One final point is related to governance and good regulatory practice. There is no simple guidance document to RMR rules. For smaller suppliers struggling to come to terms with the complexity of the new rules, this would be very helpful.

Secure and Promote

9. If you are not an eligible supplier under the Secure and Promote Supplier Market Access rules, why have you chosen not to become one?

OVO has a wholesale power and gas trading arrangement with a third party. We therefore have no requirement nor ability to agree trading terms with any other market participants.

10. If you have set up a new trading agreement since the beginning of 2013, has anything changed? For example, has the process been faster, more transparent, or have companies been more receptive?


11. Has the way you purchase energy changed since the Secure and Promote licence condition was introduced? For example, have there been changes in the number of counterparties, types of products, or the clip sizes you buy?

We tend to achieve sharper prices during the Market Making windows when the bid-offer spreads tend to be wider. This is particularly noticeable on the products where there is less natural liquidity (i.e. the longer dated peak products that are captured by MMM). Therefore, as a result of Secure and Promote we have moved to transacting an increased proportion of our requirements during the periods covered by the market making windows and have traded more longer dated peak products.
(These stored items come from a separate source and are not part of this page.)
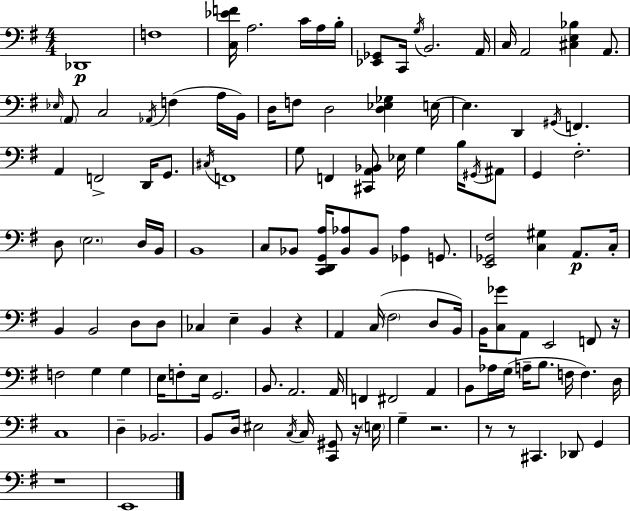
X:1
T:Untitled
M:4/4
L:1/4
K:G
_D,,4 F,4 [C,_EF]/4 A,2 C/4 A,/4 B,/4 [_E,,_G,,]/2 C,,/4 G,/4 B,,2 A,,/4 C,/4 A,,2 [^C,E,_B,] A,,/2 _E,/4 A,,/2 C,2 _A,,/4 F, A,/4 B,,/4 D,/4 F,/2 D,2 [D,_E,_G,] E,/4 E, D,, ^G,,/4 F,, A,, F,,2 D,,/4 G,,/2 ^C,/4 F,,4 G,/2 F,, [^C,,A,,_B,,]/2 _E,/4 G, B,/4 ^G,,/4 ^A,,/2 G,, ^F,2 D,/2 E,2 D,/4 B,,/4 B,,4 C,/2 _B,,/2 [C,,D,,G,,A,]/4 [_B,,_A,]/2 _B,,/2 [_G,,_A,] G,,/2 [E,,_G,,^F,]2 [C,^G,] A,,/2 C,/4 B,, B,,2 D,/2 D,/2 _C, E, B,, z A,, C,/4 ^F,2 D,/2 B,,/4 B,,/4 [C,_G]/2 A,,/2 E,,2 F,,/2 z/4 F,2 G, G, E,/4 F,/2 E,/4 G,,2 B,,/2 A,,2 A,,/4 F,, ^F,,2 A,, B,,/2 _A,/4 G,/4 A,/4 B,/2 F,/4 F, D,/4 C,4 D, _B,,2 B,,/2 D,/4 ^E,2 C,/4 C,/4 [C,,^G,,]/2 z/4 E,/4 G, z2 z/2 z/2 ^C,, _D,,/2 G,, z4 E,,4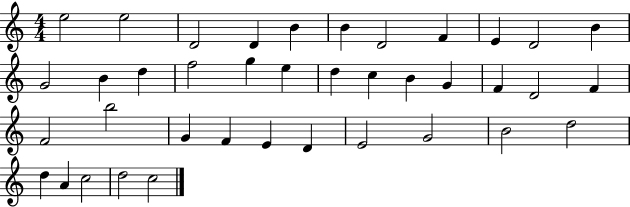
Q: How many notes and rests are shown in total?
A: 39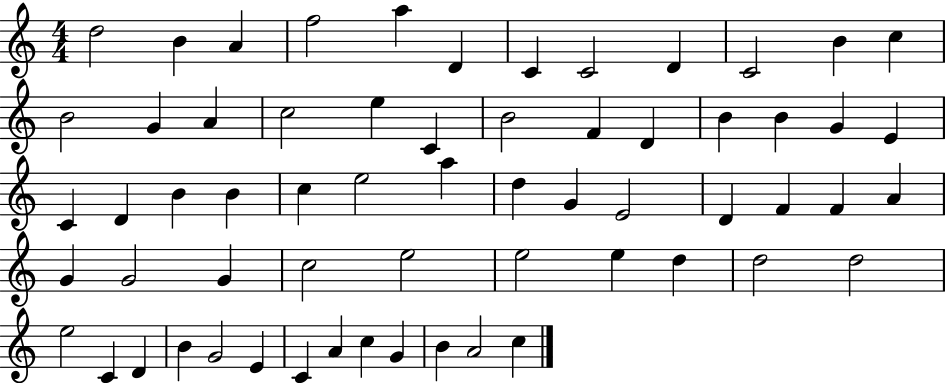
X:1
T:Untitled
M:4/4
L:1/4
K:C
d2 B A f2 a D C C2 D C2 B c B2 G A c2 e C B2 F D B B G E C D B B c e2 a d G E2 D F F A G G2 G c2 e2 e2 e d d2 d2 e2 C D B G2 E C A c G B A2 c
12. Do prices reflect your reasonable expectation of the cost to purchase power and has this changed since the Secure and Promote licence condition was introduced?

See above. When bid offer spreads are wide it is usually the smaller player that has to cross the spread. For larger, active market participants that can post bids and offers directly onto the market platforms they might expect to trade at mid-market as around 50% of the time another market participant will cross the spread to hit/lift their order. Therefore, when the bid-offer spreads are tighter the price that we pay is more reflective of the true market value of that product. We believe that S&P has reduced the bid-offer spread and so has reduced our transaction costs and resulted in the cost of wholesale power being more reflective of the fair value.